* **Source data**

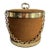 Georges Briard Brown Suede Ice Bucket With Gold Tone Chain Handle MCM 1960s Mid-Century For Sale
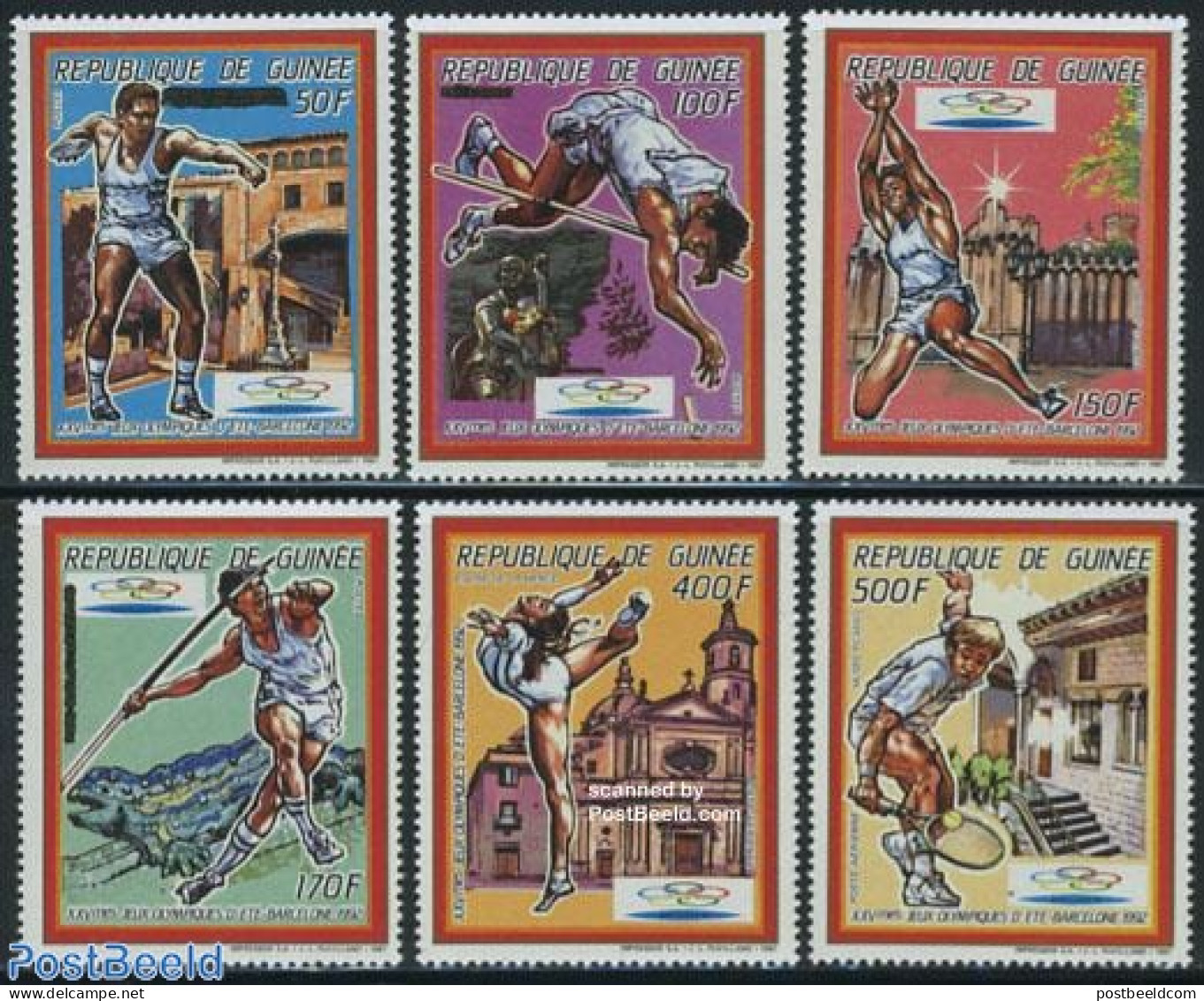 Guinea, Republic 1987 Olympic Games 6v, Mint NH, Sport - Athletics - Gymnastics - Olympic Games - Tennis - Athletics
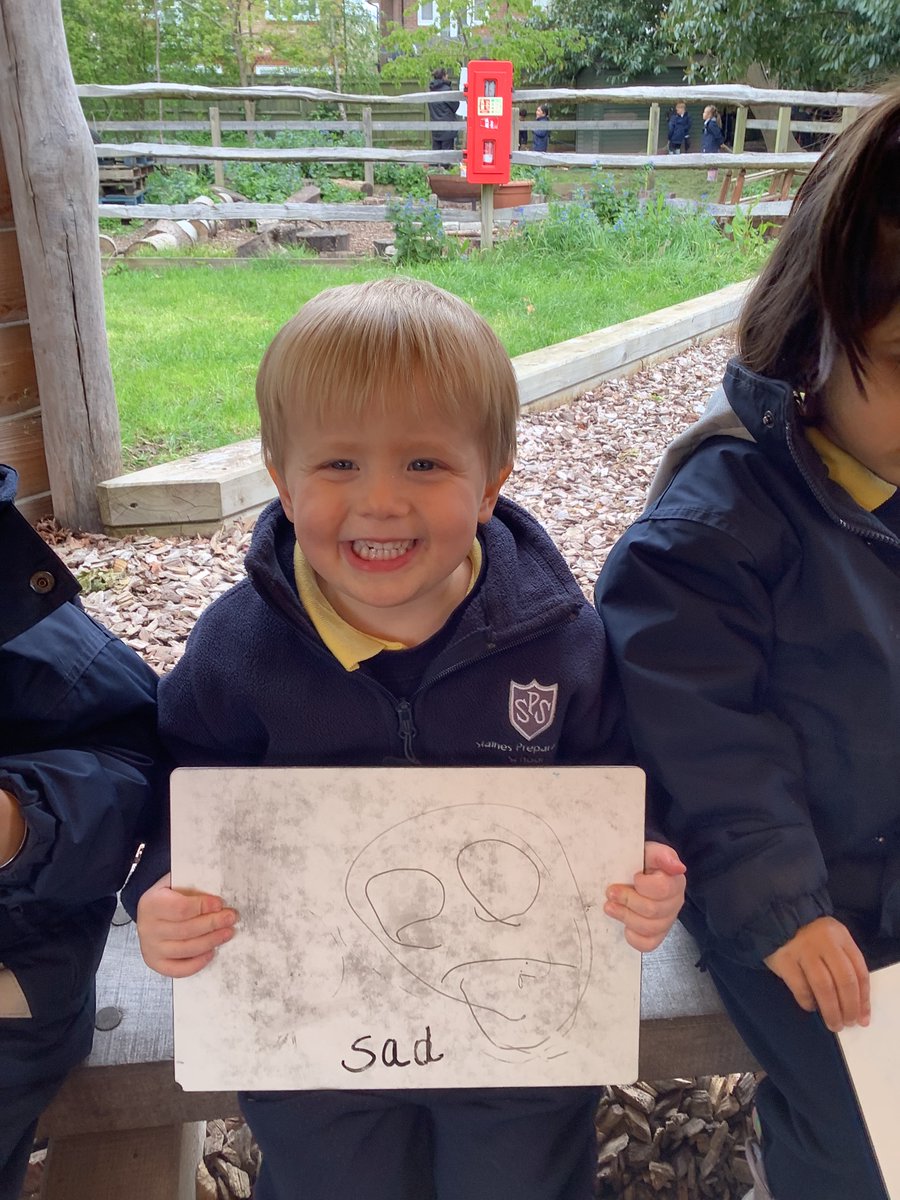 In the outdoor classroom #SunflowersNursery Seedlings talked about feelings. The children labelled different emotions and made faces to match the feeling. They also had a go at drawing some faces for the feelings we discussed. #StainesPrepEarlyYears #PSED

* **Task brief**
The answer is the listing above restated word for word, pictures removed.

* **Expected answer**
 Georges Briard Brown Suede Ice Bucket With Gold Tone Chain Handle MCM 1960s Mid-Century For Sale
 Guinea, Republic 1987 Olympic Games 6v, Mint NH, Sport - Athletics - Gymnastics - Olympic Games - Tennis - Athletics
 In the outdoor classroom #SunflowersNursery Seedlings talked about feelings. The children labelled different emotions and made faces to match the feeling. They also had a go at drawing some faces for the feelings we discussed. #StainesPrepEarlyYears #PSED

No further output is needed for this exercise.